Un día se presentaron dos bandidos que se hacían pasar por tejedores, asegurando tejer las telas más hermosas, con colores y dibujos originales. El emperador quedó fascinado e inmediatamente entregó a los dos bandidos un buen adelanto en oro para que se pusieran manos a la obra cuanto antes.
Los ladrones montaron un telar y simularon que trabajaban. Y mientras tanto, se suministraban de las sedas más finas y del hilo de oro de la mejor calidad. Pero el emperador, ansioso por ver las telas, envió a su viejo y digno ministro a la sala ocupada por los dos supuestos tejedores. Al entrar en el cuarto, el ministro se llevó un buen susto "¡Dios nos ampare! ¡Pero si no veo nada!"; pero no dijo nada.
Los dos bandidos le rogaron que se acercase y le preguntaron si no encontraba magníficos los colores y los dibujos. Le señalaban el telar vacío y el pobre hombre seguía con los ojos desencajados, sin ver nada. Pero los bandidos insistían: "¿No dices nada del tejido?".

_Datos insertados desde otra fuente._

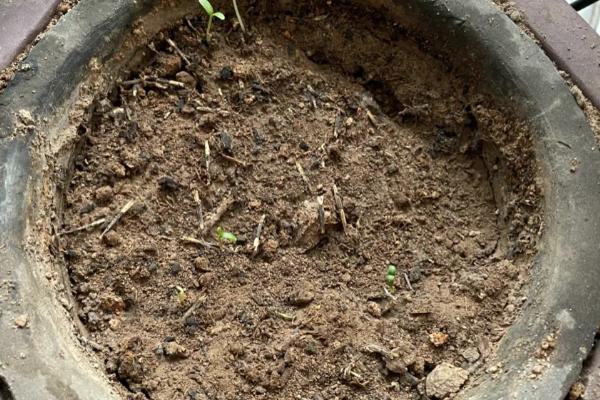 乒乓菊一年开多少次，一年只能开放一次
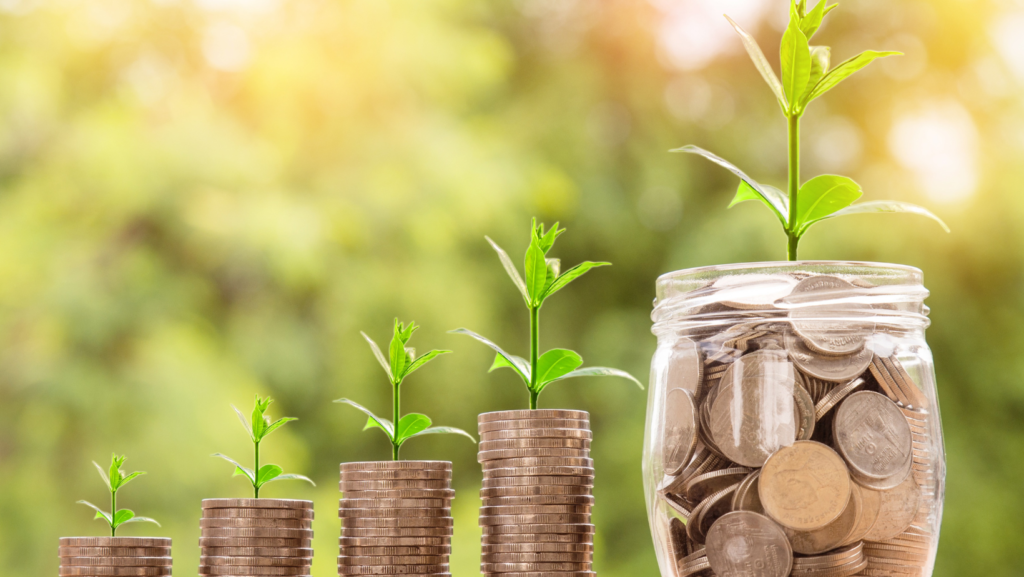 plants growing from piled coins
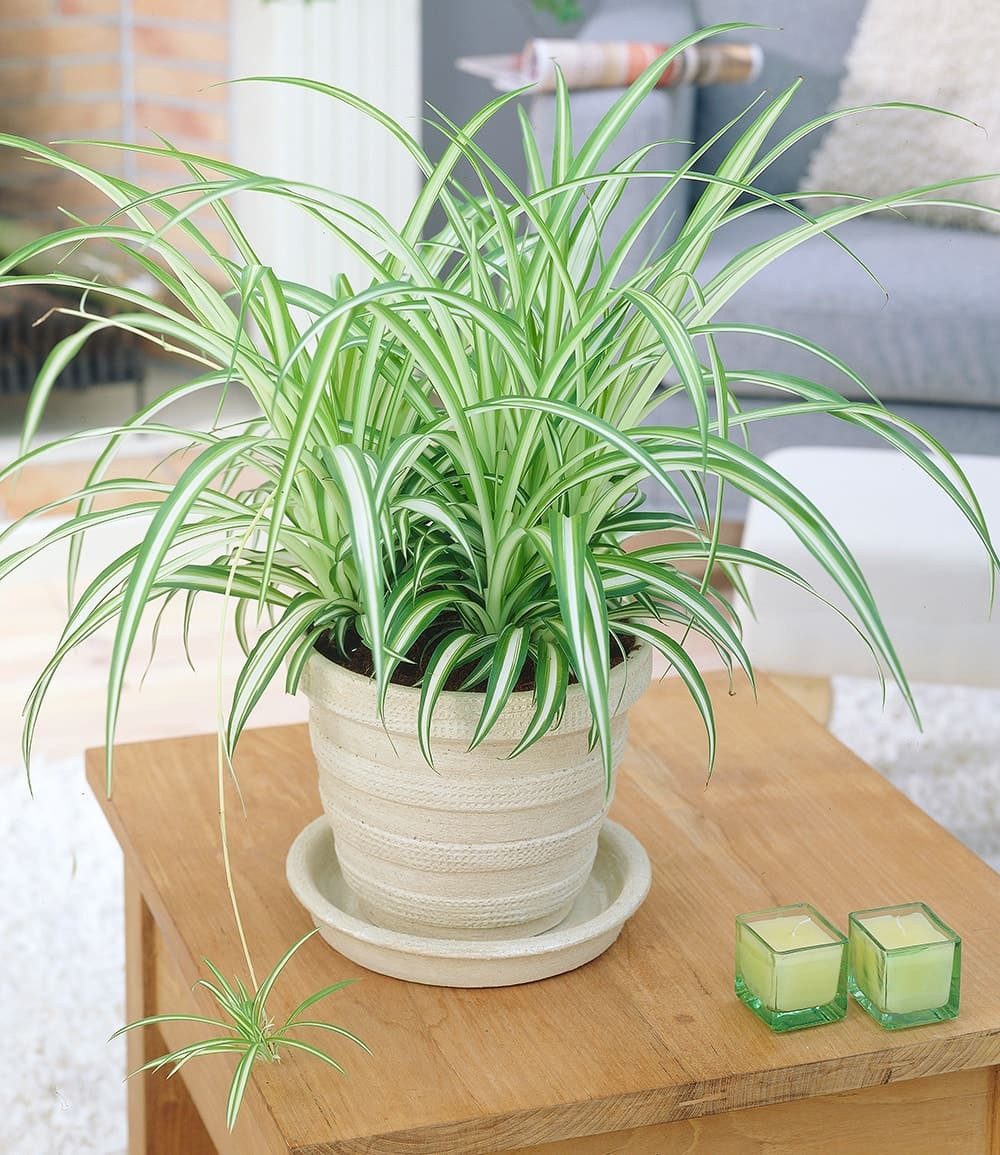 BALDUR Garten Zimmerpflanze Chlorophytum 'Variegatum', 1 St., Hängezimmerpflnze, pflegeleicht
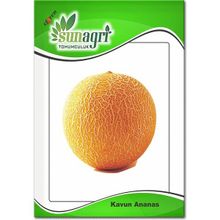 Sunagri Ananas Kavun Meyve Tohumu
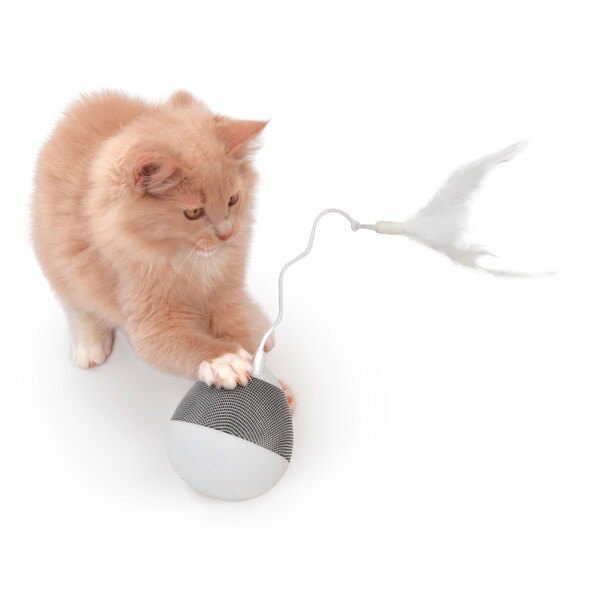 Pixi Spinner kattenspeeltje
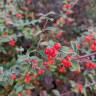 Fotografia 7 da espécie Cotoneaster franchetii do Jardim Botânico UTAD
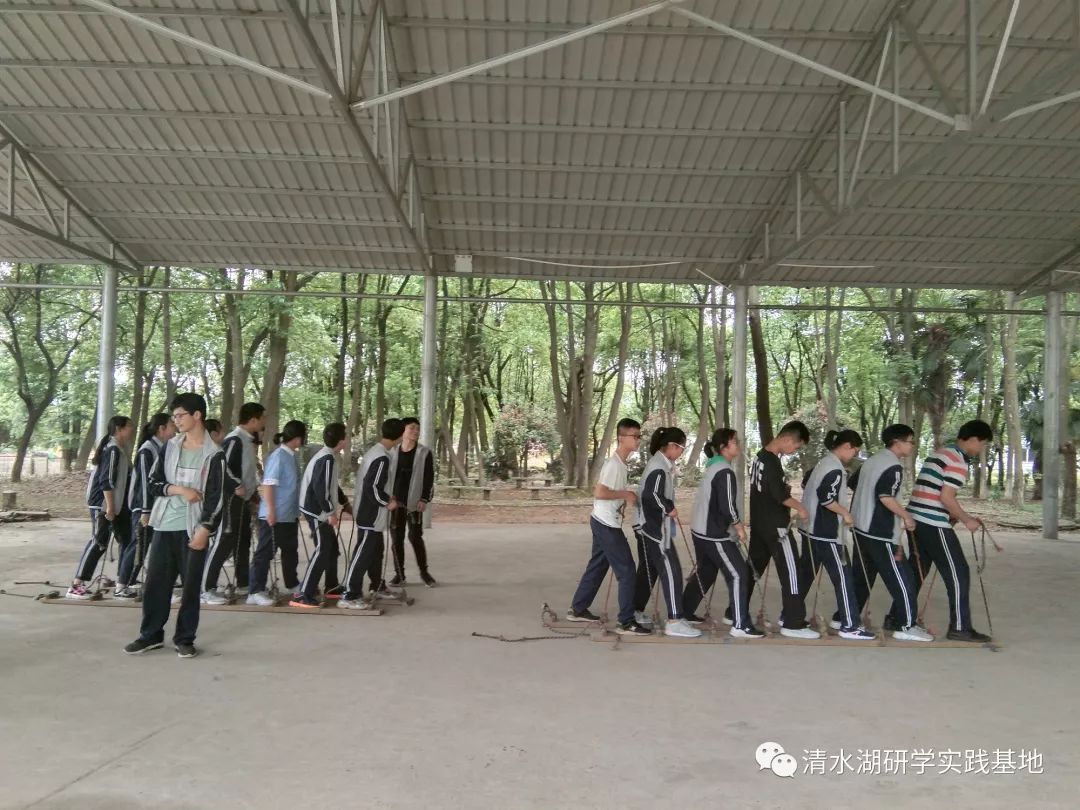 清水湖研学实践:鼎城区灌溪镇中学
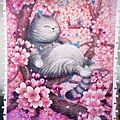 2019.01.20 300pcs Sakura 小睡片刻 (1).jpg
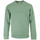 Textil Homem camisolas Timberland Hampthon Crew Neck Verde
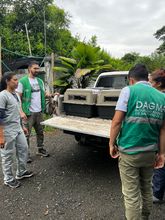 Acciones para  migar los efectos del tr&aacute;fico en la fauna silvestre 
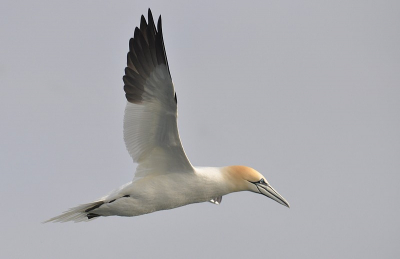 Op 1 maart ben ik mee geweest een dagje zeevogels spotten vanaf een vissersboot (Ostend-pelagics ) .Het weer was die dag aan de donkere kant maar voor het fotograferen van de Jan van Genten was het ideaal .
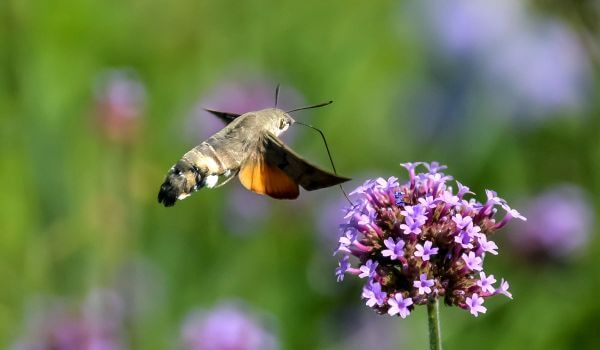 Foto: Fluture molie din Cartea Roșie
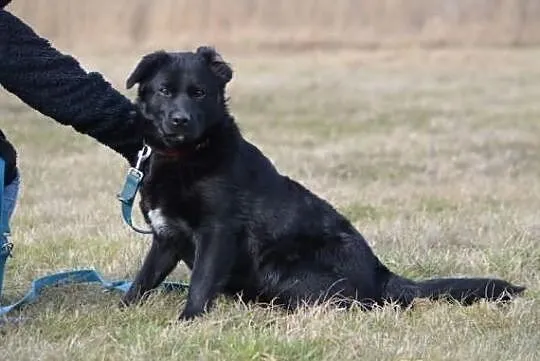 Młody Guciu w typie labradora !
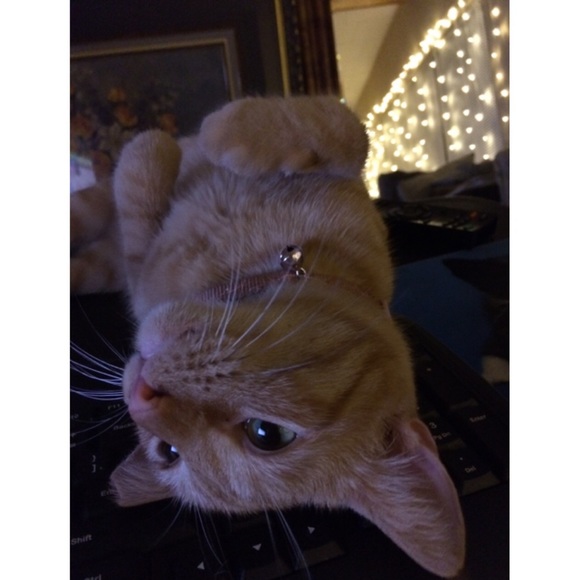 🎀 Winston The Posh Cat 🐱 🎀 - Picture 2 of 4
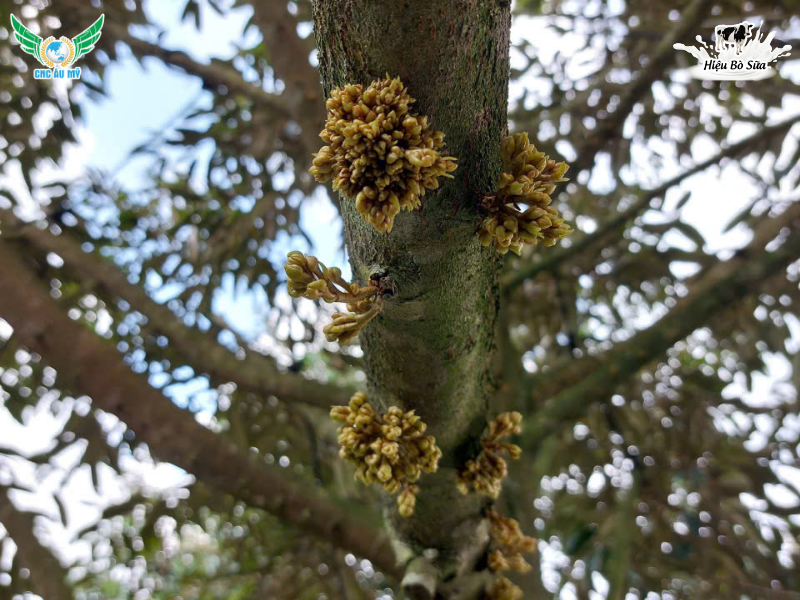 CÁCH XỬ LÝ MẮT CUA ĐEN KHI GẶP MƯA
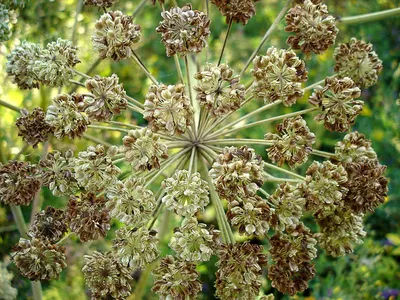 Дудник лесной (Angelica sylvestris)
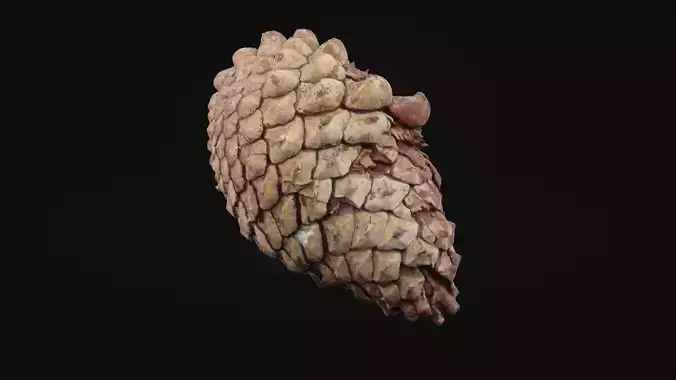 Pine Cone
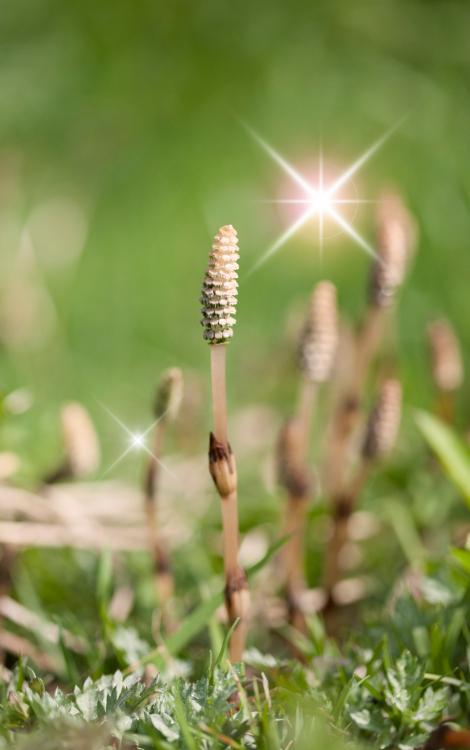 ド貧乏ナースエイドは難攻不落の外科医から信頼を得る～つくし集めてたら人生大逆転しました～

El hombre, asustado, acabó por decir que le parecía todo muy bonito, maravilloso y que diría al emperador que le había gustado todo. Y así lo hizo. Los estafadores pidieron más oro, que les fue entregado.
Poco después el emperador envió a otro ministro para inspeccionar el trabajo de los dos bandidos. Y le ocurrió lo mismo que al primero. Igual de convencido de que a pesar de que no veía nada, el trabajo era formidable. El emperador quiso ver la maravilla con sus propios ojos. Seguido por su comitiva, se encaminó a la casa de los estafadores. Al entrar no vio nada. Los bandidos le preguntaron sobre el admirable trabajo y el emperador pensó: "¡Cómo! Yo no veo nada. Eso es terrible. ¿Seré tonto o acaso no sirvo para emperador? Sería espantoso". Con miedo de perder su cargo, el emperador dijo: "Oh, sí, es muy bonito, qué hermoso traje. Me gusta mucho. Lo apruebo".
Todo su séquito le miraba y remiraba. Y no entendían al emperador, que no se cansaba de lanzar elogios a los trajes y a las telas. Y se propuso estrenar los vestidos en la próxima procesión. El emperador condecoró a cada uno de los bribones y los nombró tejedores imperiales. Sin ver nada, el emperador probó los trajes, delante del espejo. Los probó y reprobó, sin ver nada de nada. Y todos exclamaban: "¡Qué bien le sienta! ¡Es un traje precioso!".
Fuera, la procesión lo esperaba. Y el emperador salió y desfiló por las calles del pueblo sin llevar ningún traje. Nadie permitía que los demás se diesen cuenta de que nada veía, para no ser tenido por incapaz o por estúpido, hasta que de pronto un niño exclamó:
- ¡Pero si no lleva nada!
- ¡Dios bendito, escuchen la voz de la inocencia! -dijo su padre; y todo el mundo se fue repitiendo al oído lo que acababa de decir el pequeño.
- ¡No lleva nada; es un chiquillo el que dice que no lleva nada!
- ¡Pero si no lleva nada! – gritó, al fin, el pueblo entero.
Aquello inquietó al emperador, pues sospechaba que el pueblo tenía razón; mas pensó: "Hay que soportar hasta el fin". Y siguió más altivo que antes mientras que los ayudantes de cámara continuaban sosteniendo la inexistente cola del traje...
Moraleja: No tiene por qué ser verdad lo que todo el mundo piensa que es verdad.